## Assignment
Omit the images, then print each record below exactly as it reads.

## Records shown
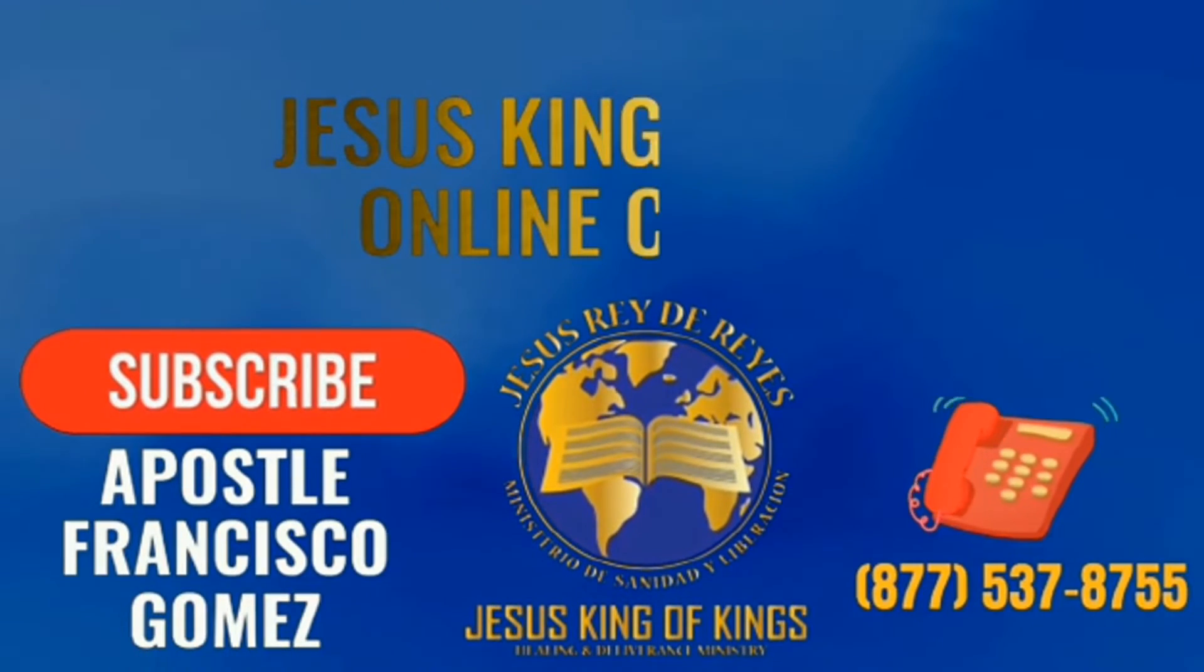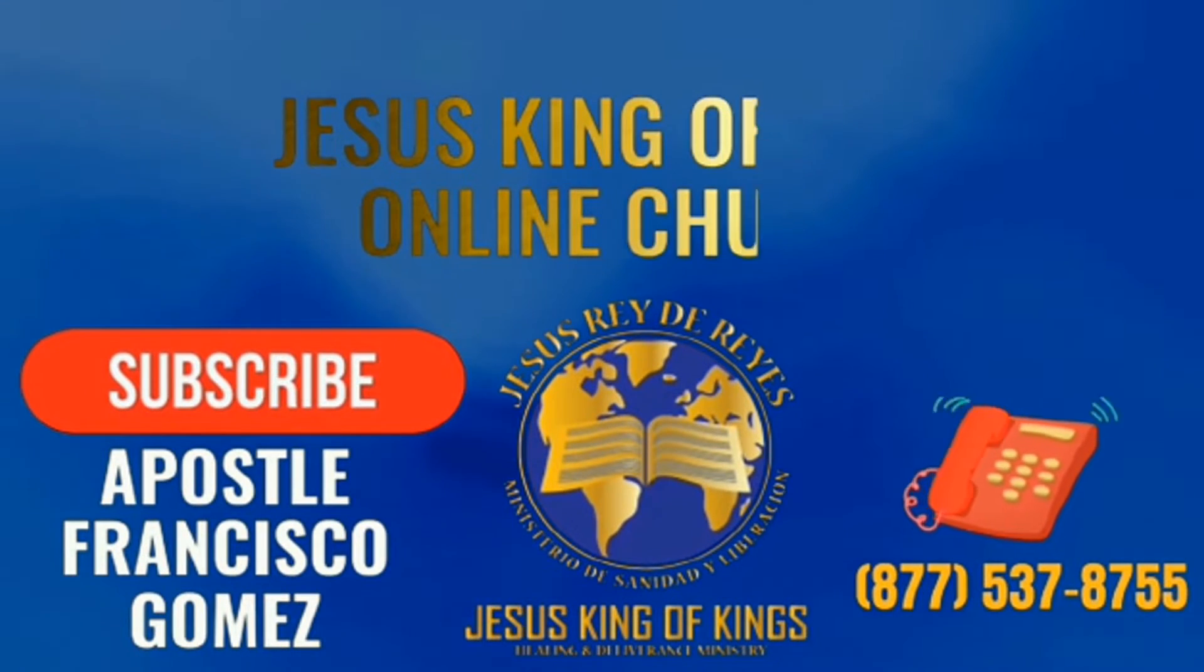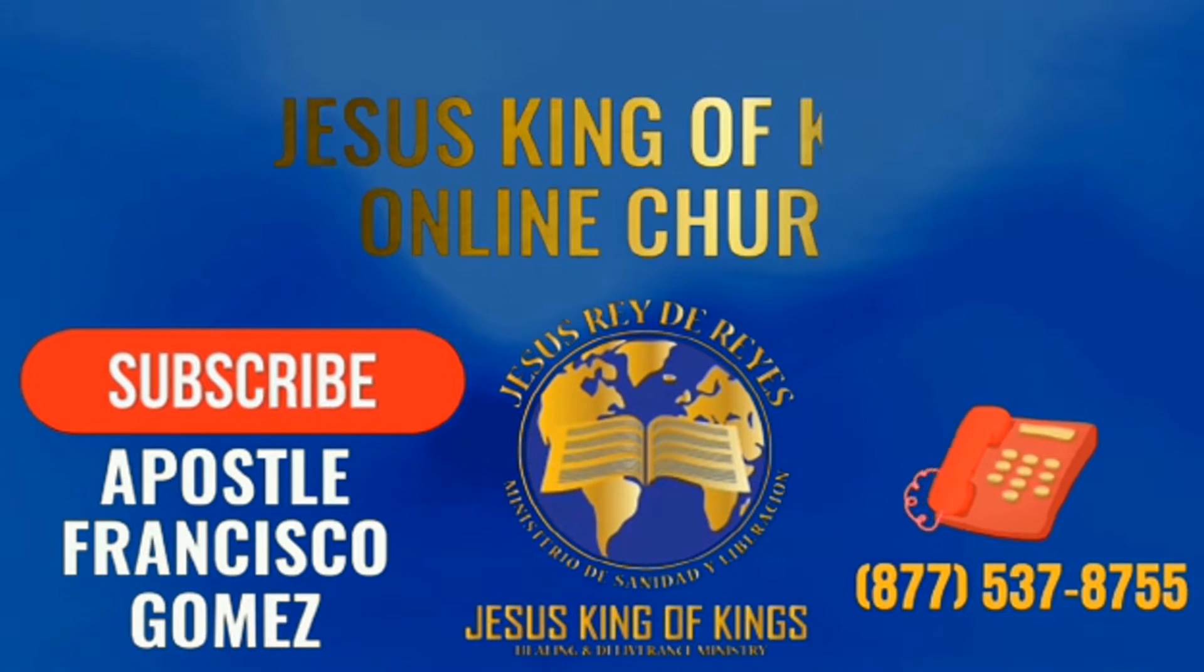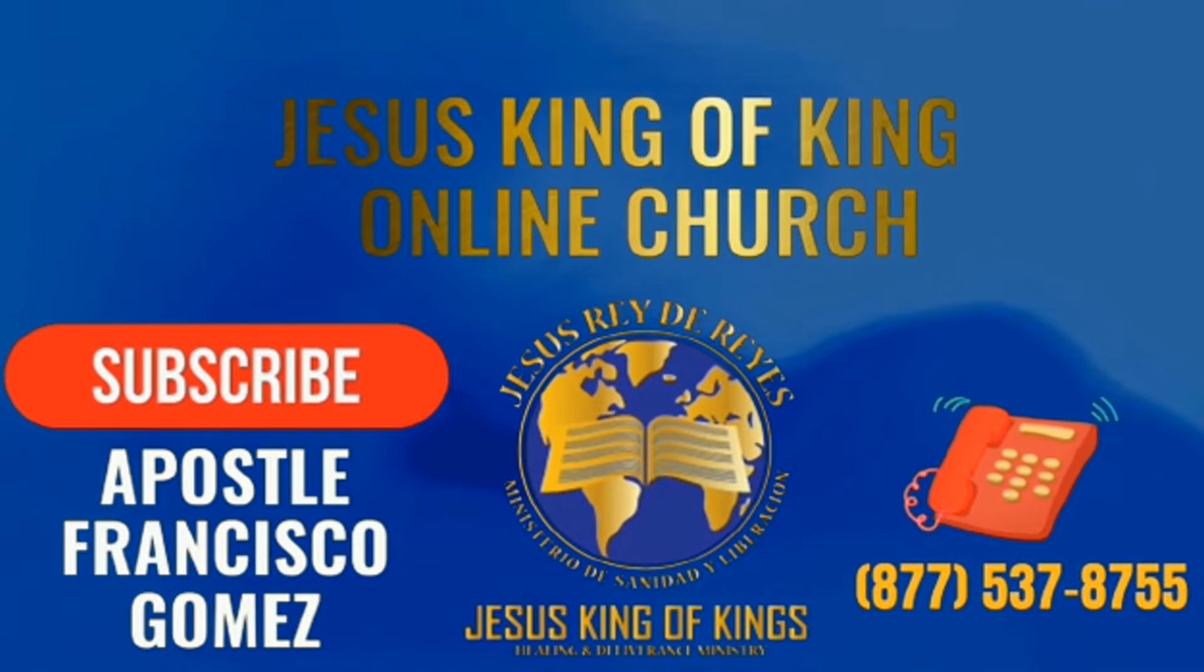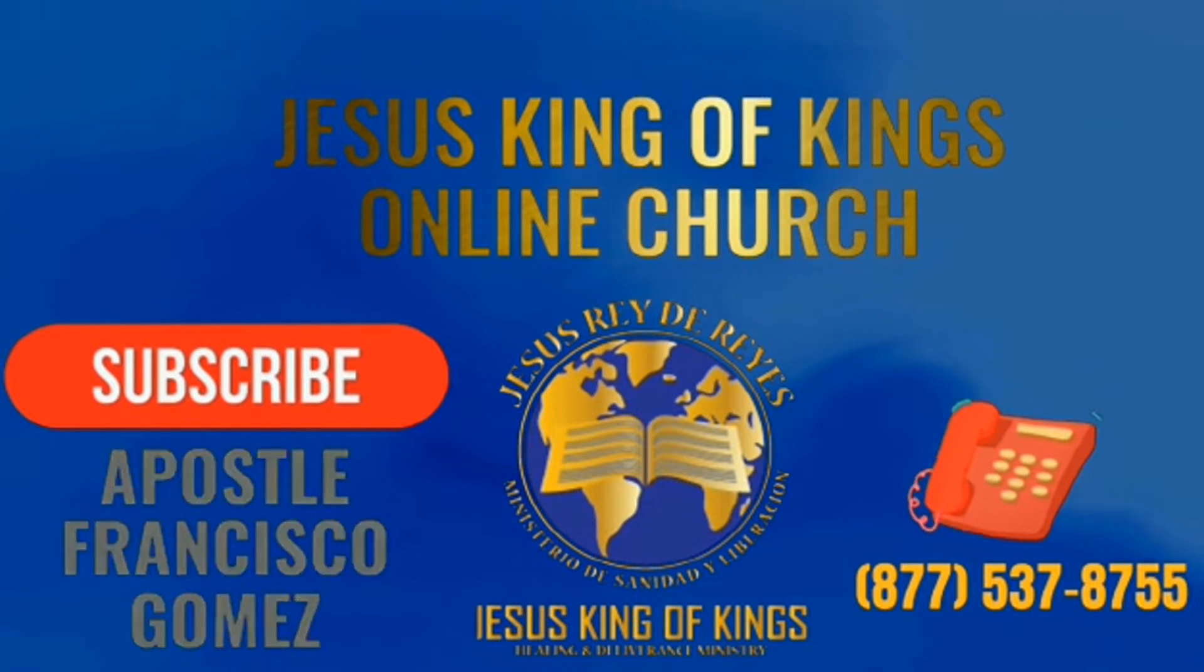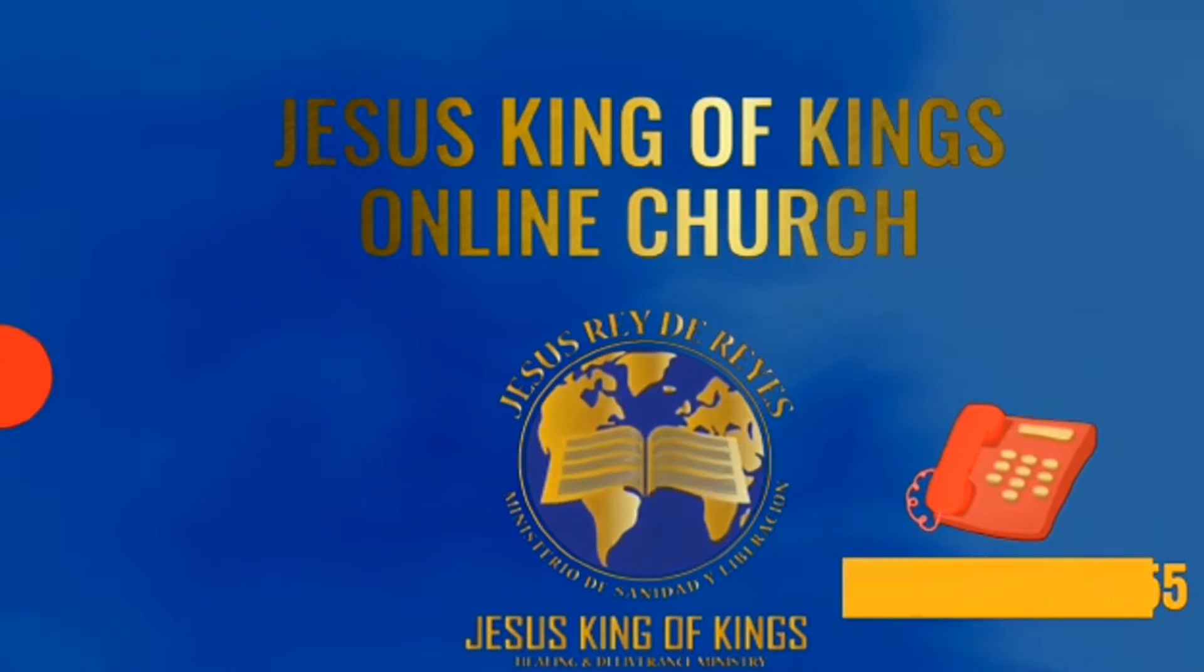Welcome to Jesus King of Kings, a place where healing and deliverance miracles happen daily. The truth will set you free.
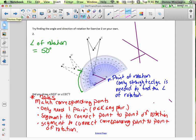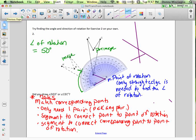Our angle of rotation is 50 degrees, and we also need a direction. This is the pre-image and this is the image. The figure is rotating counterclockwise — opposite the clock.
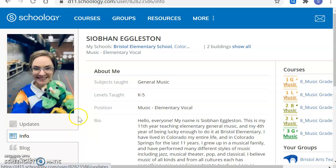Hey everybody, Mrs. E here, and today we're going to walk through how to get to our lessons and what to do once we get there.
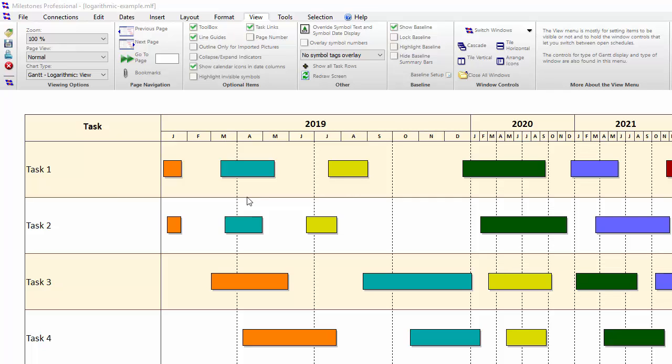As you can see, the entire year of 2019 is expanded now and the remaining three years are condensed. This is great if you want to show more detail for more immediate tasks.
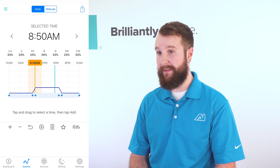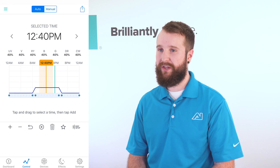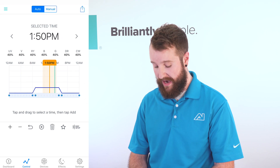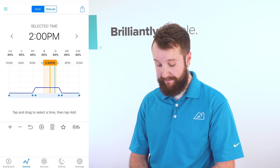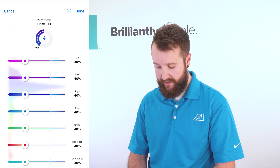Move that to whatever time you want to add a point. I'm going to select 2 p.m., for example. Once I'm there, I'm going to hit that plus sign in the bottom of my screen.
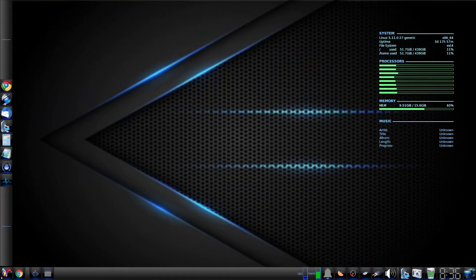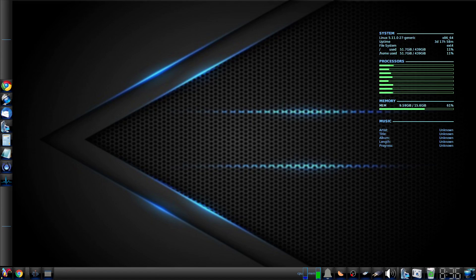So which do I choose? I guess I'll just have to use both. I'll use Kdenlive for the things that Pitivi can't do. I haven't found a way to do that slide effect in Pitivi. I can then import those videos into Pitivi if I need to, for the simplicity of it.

## Answer to the problem
Welcome to Jesus King of Kings, a place where healing and deliverance miracles happen daily. The truth will set you free.
Our angle of rotation is 50 degrees, and we also need a direction. This is the pre-image and this is the image. The figure is rotating counterclockwise — opposite the clock.
Hey everybody, Mrs. E here, and today we're going to walk through how to get to our lessons and what to do once we get there.
As you can see, the entire year of 2019 is expanded now and the remaining three years are condensed. This is great if you want to show more detail for more immediate tasks.
Move that to whatever time you want to add a point. I'm going to select 2 p.m., for example. Once I'm there, I'm going to hit that plus sign in the bottom of my screen.
So which do I choose? I guess I'll just have to use both. I'll use Kdenlive for the things that Pitivi can't do. I haven't found a way to do that slide effect in Pitivi. I can then import those videos into Pitivi if I need to, for the simplicity of it.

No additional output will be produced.